La présence, ou l’absence de preuve, peut être un signe, un indice. Dans cette vision du monde, n’importe quel fait, ou non-fait, peut subir une importation au sein de l’explication conspirationniste. Il peut donc servir à en confirmer la validité. L’indice justifie l’explication autant que celle-ci est justifiée par lui… Bref, on est face à des paranoïaques, ou du moins à une forme de culture paranoïde.
La thématique du complot des élites est récurrente dans l’histoire des idées : on la retrouve à la fin du xixe siècle, dans les années trente, dans les années soixante… Comme un serpent de mer, elle réapparaît régulièrement. Mais il vrai que depuis le début des années deux milles, cette thématique explose, alors qu’elle avait disparu entre les années quatre-vingts et le milieu des années quatre-vingt-dix.
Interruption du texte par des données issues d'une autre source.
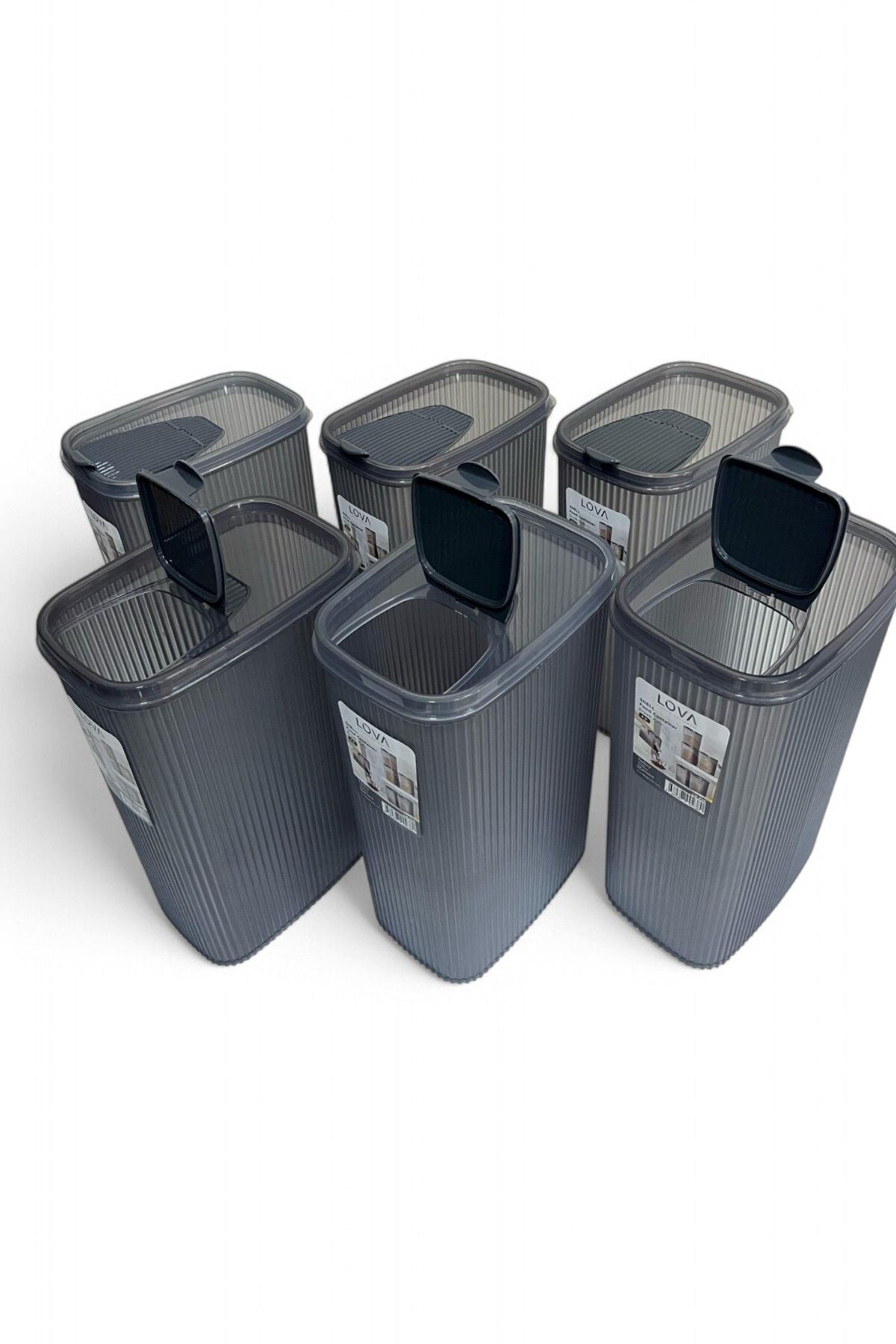 Erzak Saklama Kabı 4 lt, Antrasit, 6'lı Set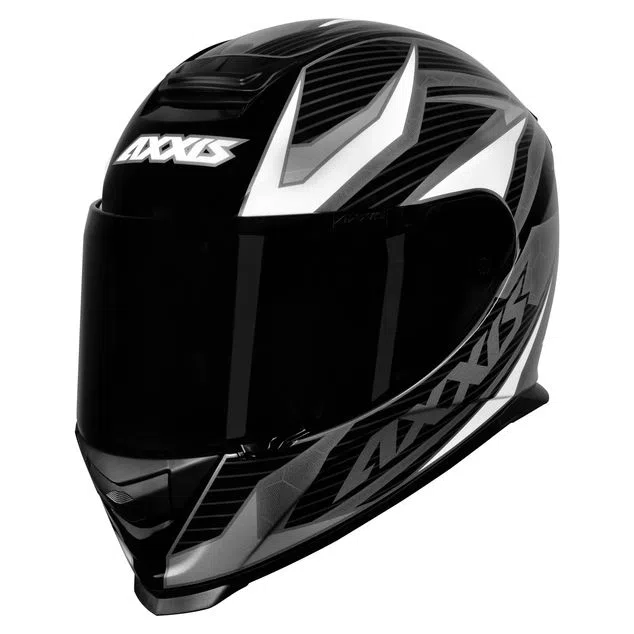 CAPACETE AXXIS EAGLE POWER GLOSS BLACK/GREY/WHITE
La principale difficulté de ce type de recherches est de définir des frontières entre : 1/des paranoïaques qui élaborent des théories du complot ou des théoriciens qui sombrent dans la paranoïa ; 2/l’amateur de théories conspirationnistes et celui qui y croit réellement ; 3/différentes formes de paranoïa : le délire paranoïaque pur, c’est-à-dire la folie, et le discours de type croyance permettant la compréhension d’un monde incompris. De plus, il existe des possibilités interactionnistes, en particulier lors de théories du complot, quand la réalité entretient la paranoïa. C’est le cas, par exemple, du 11 septembre 2001.